Dolor, sólo dolor
Cada vez que hay un accidente o un atentado que causa un número considerable de víctimas, todo el mundo se conmueve. A pesar de que todos los días muere mucha gente en la carretera o en incidentes laborales o caseros, la acumulación de fallecidos en un solo suceso eleva a la enésima potencia la repercusión mediática y social.
Aun así, salvo aquellos que se dedican a atender a las víctimas, casi todo el mundo contempla lo ocurrido desde su pantalla de televisión o de ordenador. Por desgracia, yo he tenido oportunidad de saber lo que se siente desde la condición de víctima, ya que mi padre iba en el avión que arrasó la ladera del monte Oíz (Vizcaya), el 19 de febrero de 1985. Me acuerdo que tenía la sensación de estar en medio de una película de terror, como si la realidad no fuera la que era.
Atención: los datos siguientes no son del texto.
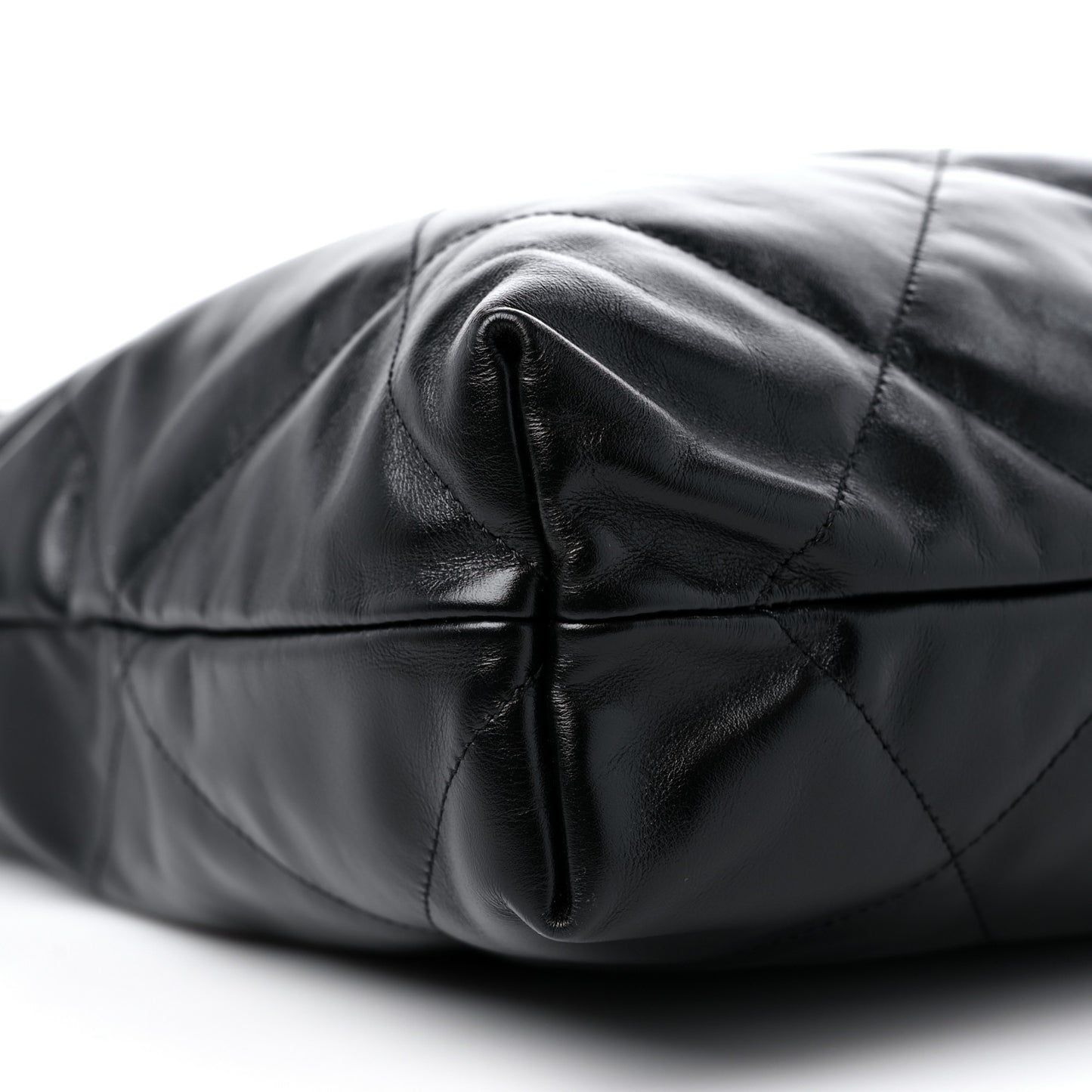 Shiny Calfskin Quilted Chanel 22 Black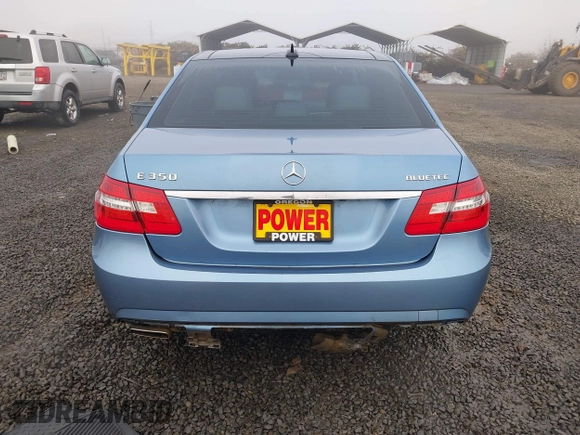 2011 Mercedes-Benz E 350 Luxury with VIN WDDHF2EB4BA382088, listed as a IAAI auction lot 41034273 with 144,254 mi miles and . Bid and sale history available at DreamBid. Image 17.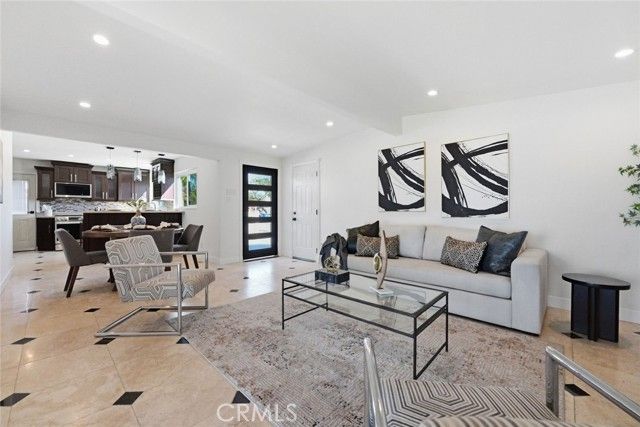 4862 Kings, San Diego, CA 92117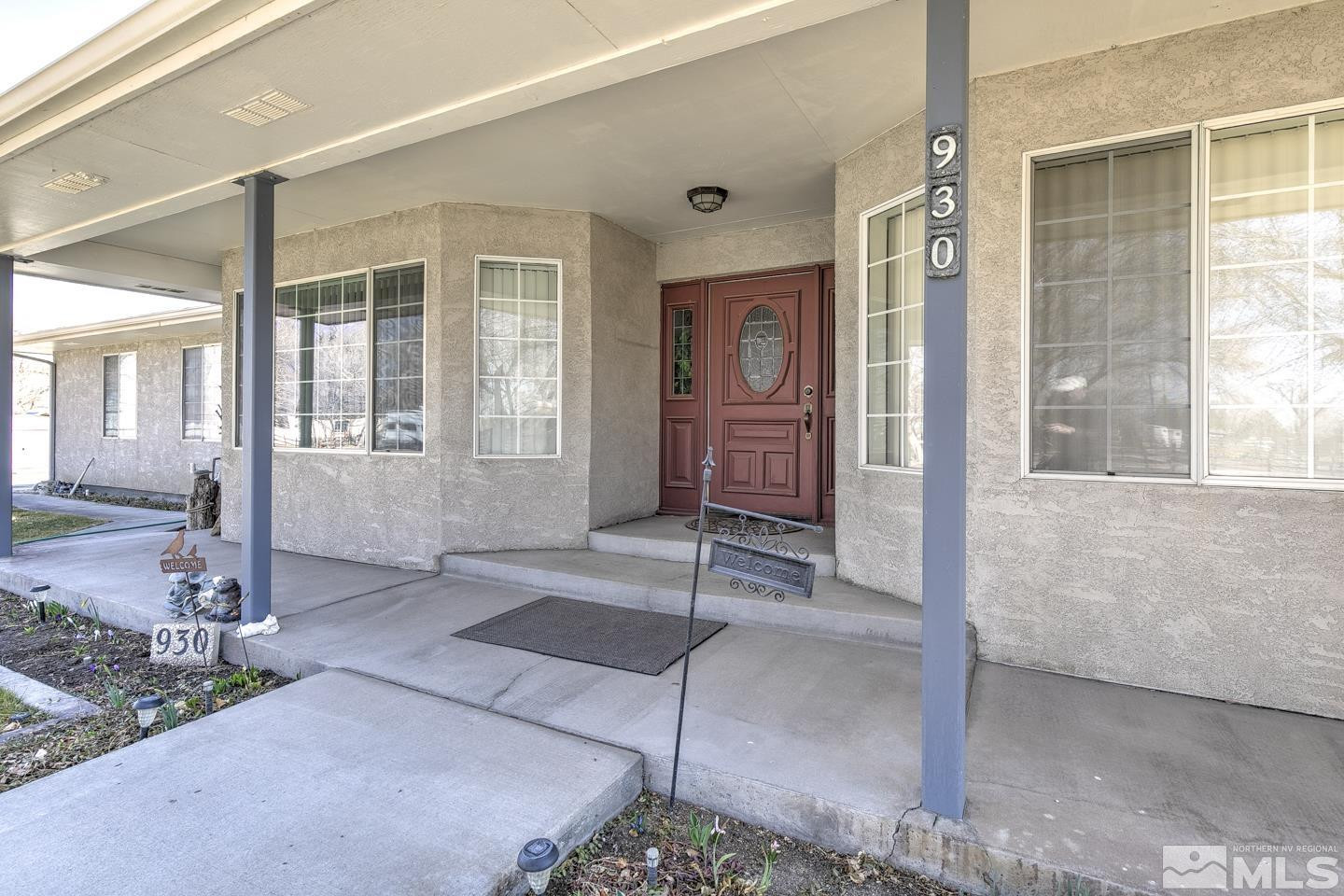 930 Edgewater Lane Fallon, NV 89406 - Photo 6 of 30 a living room filled with furniture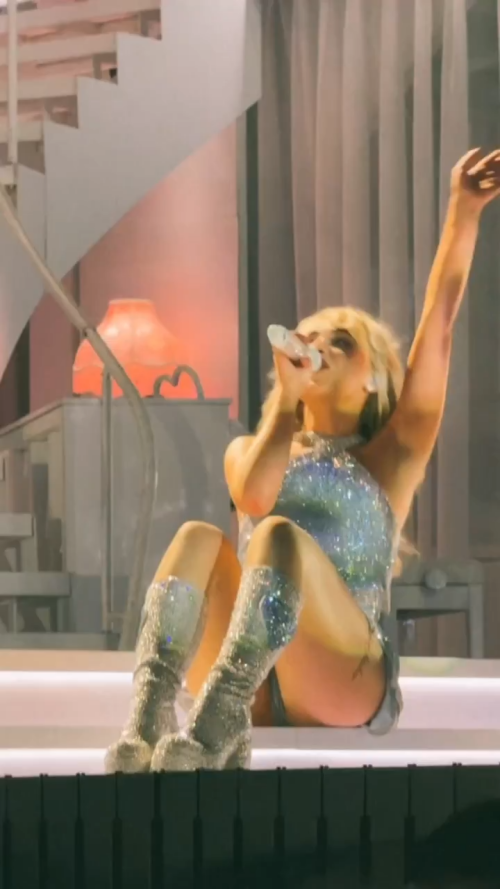 videoframe_0ab7c6facb6e2ce22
En el caso de mi padre, no había posibilidad alguna de que alguien hubiera sobrevivido, así que asumí pronto que no volvería a verle. Tras la confusión inicial, llega el dolor. Un dolor que no tiene explicación, que te llega sin que nadie te haya preparado para afrontarlo. En los primeros días, estás tan rodeado de gente que intenta ayudarte, que no te da apenas tiempo a enfrentarte a lo que ha sucedido. Pero pronto llega el silencio. Y entonces quedas tú y la pena. Tú y el dolor. Tú y la cruz. Si tienes la suerte de tener fe, puedes agarrarte a ella, pero ni siquiera la fe te evita la sensación de que tu vida se ha partido en dos y ya nunca será igual.